The Metropolitan Museum of Art (The Met) and the American Museum of Natural History face each other across Central Park and both have pay what you want schemes.  While they suggest a $25 and $27 entry fee for adults respectively, you can actually pay anything you like.  Of course, we recommend that you pay what you feel you can afford but the schemes are a great way to make the museums accessible for all.

If you don’t think you’ll get round the whole museum in your visit or you’re only interested in one or two exhibits then you might want to pay less.  If you find that you’ve enjoyed your visit so much then you can always pay more on the way out!

If you only have time for one then it’s a no-brainer – The Met wins hands down and don’t forget a glass of wine or a cold beer on the roof terrace overlooking the park.

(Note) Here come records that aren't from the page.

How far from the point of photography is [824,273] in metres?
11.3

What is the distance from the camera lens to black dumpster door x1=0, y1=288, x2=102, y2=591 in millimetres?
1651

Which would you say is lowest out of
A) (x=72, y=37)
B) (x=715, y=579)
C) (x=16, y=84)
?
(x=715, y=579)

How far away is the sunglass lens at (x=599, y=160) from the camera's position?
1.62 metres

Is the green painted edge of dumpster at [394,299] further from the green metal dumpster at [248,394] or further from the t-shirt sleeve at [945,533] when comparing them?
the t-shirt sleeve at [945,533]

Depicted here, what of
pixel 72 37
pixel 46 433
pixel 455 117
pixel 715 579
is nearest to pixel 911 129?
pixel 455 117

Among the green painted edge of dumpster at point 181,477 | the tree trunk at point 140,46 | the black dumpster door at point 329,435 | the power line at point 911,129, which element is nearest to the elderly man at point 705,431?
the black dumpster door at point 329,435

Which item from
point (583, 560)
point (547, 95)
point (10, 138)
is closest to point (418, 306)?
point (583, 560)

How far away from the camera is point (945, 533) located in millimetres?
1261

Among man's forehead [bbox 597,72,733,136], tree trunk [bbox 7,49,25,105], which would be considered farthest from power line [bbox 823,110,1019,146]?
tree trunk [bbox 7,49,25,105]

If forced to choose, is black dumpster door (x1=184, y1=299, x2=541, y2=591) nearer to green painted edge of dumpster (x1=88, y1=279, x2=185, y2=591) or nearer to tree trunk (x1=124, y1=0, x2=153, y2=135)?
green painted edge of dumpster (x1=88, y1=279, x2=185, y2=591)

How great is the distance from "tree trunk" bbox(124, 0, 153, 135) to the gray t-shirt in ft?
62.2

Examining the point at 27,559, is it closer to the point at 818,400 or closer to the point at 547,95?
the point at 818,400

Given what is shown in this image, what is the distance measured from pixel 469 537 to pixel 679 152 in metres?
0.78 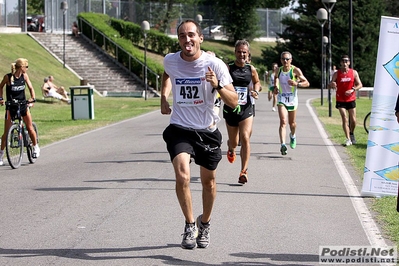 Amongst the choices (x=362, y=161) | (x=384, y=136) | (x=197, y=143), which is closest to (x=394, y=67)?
(x=384, y=136)

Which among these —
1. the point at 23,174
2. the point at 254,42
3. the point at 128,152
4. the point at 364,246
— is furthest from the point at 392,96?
the point at 254,42

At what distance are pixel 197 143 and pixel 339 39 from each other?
195 feet

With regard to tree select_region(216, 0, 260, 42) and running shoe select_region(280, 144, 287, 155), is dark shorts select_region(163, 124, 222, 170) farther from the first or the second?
tree select_region(216, 0, 260, 42)

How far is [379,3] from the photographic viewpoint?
65250 mm

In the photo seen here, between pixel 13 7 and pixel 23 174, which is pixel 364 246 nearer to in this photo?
pixel 23 174

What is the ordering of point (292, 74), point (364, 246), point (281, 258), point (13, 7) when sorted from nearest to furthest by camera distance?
point (281, 258)
point (364, 246)
point (292, 74)
point (13, 7)

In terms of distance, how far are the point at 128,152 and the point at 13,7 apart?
32917 millimetres

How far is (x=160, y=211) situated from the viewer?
8992 mm

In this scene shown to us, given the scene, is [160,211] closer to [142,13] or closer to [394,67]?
[394,67]

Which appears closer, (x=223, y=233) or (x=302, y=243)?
(x=302, y=243)

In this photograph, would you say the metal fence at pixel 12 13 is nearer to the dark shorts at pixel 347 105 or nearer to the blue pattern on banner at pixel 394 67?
the dark shorts at pixel 347 105

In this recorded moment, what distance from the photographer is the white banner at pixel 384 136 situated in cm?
962

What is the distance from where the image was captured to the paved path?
6949mm

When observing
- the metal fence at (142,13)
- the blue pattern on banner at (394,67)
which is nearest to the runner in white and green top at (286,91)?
the blue pattern on banner at (394,67)
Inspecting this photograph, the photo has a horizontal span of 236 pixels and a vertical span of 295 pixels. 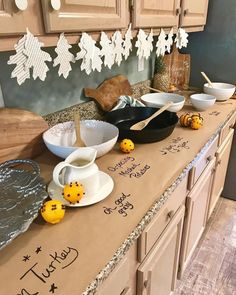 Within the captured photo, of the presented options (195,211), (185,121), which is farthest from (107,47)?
(195,211)

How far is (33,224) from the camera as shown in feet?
2.09

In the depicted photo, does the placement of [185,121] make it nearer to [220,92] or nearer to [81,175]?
[220,92]

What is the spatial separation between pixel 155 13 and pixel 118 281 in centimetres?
102

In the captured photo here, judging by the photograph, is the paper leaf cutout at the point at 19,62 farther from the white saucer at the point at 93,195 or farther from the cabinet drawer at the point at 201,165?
the cabinet drawer at the point at 201,165

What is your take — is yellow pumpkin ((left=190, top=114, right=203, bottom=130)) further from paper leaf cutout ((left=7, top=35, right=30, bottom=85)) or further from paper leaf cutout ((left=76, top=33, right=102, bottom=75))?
paper leaf cutout ((left=7, top=35, right=30, bottom=85))

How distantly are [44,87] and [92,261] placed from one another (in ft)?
2.43

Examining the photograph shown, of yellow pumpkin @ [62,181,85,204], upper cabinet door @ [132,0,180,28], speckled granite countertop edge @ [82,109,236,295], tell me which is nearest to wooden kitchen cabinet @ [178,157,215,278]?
speckled granite countertop edge @ [82,109,236,295]

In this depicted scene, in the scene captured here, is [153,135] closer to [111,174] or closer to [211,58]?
[111,174]

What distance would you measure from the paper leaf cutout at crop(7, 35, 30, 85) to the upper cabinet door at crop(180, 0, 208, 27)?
96cm

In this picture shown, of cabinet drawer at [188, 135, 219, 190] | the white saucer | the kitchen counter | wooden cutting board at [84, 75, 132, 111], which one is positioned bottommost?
cabinet drawer at [188, 135, 219, 190]

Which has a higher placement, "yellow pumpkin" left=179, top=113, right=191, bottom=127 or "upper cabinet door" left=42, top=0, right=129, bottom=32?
"upper cabinet door" left=42, top=0, right=129, bottom=32

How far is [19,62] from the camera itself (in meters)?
0.64

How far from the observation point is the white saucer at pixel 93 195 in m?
0.69

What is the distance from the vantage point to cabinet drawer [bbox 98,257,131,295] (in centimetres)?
59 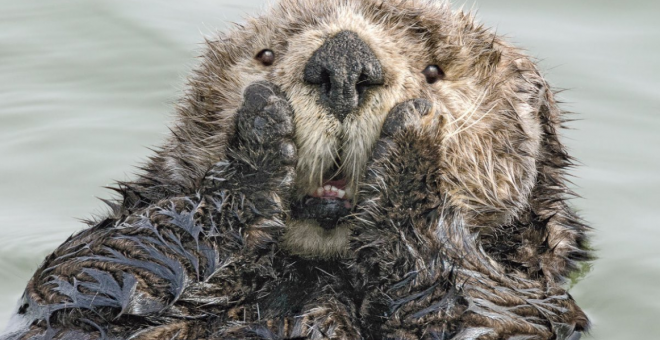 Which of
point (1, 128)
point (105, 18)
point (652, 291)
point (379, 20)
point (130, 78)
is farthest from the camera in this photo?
point (105, 18)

The Met Museum's Rooftop Bar

The Met Museum’s Rooftop Bar

New York City on a budget?

Getting there:

We tried Norwegian’s new transatlantic flights on the Dreamliner ‘planes taking 7 hours from Gatwick to JFK with prices from £199 each way (plus luggage and food on board).  Don’t expect endless free alcohol or first class service but expect comfort and great in-flight entertainment systems.  Another option would be Virgin from Heathrow who appear to have reduced their prices to compete with Norwegian.

Staying there:

Use Airbnb (possibly one of the greatest ever Internet innovations) and bag yourself some affordable accommodation ranging from around £40-£60 per night ($60-$90) in the best areas of Brooklyn (Park Slope, Prospect Heights, Brooklyn Heights).  Find somewhere with kitchen access so you can make your breakfast or pack lunches for more savings.

Eating there:

Eating out doesn’t have to be expensive – particularly at lunch as you can grab a hotdog or a slice of pizza for around $2-$3 to keep your energy up.  Mains at reasonable restaurants in Brooklyn should set you back around $12-$18 (£8-£12) and look out for the happy hour offers to get cheaper beer as it can be expensive – although the local beers are much stronger than your typical English ale.

Travelling there:

The subway is incredibly cheap and a 7-day pass is only around $30 (£20) for unlimited travel anywhere in the city.  Are you reading London?!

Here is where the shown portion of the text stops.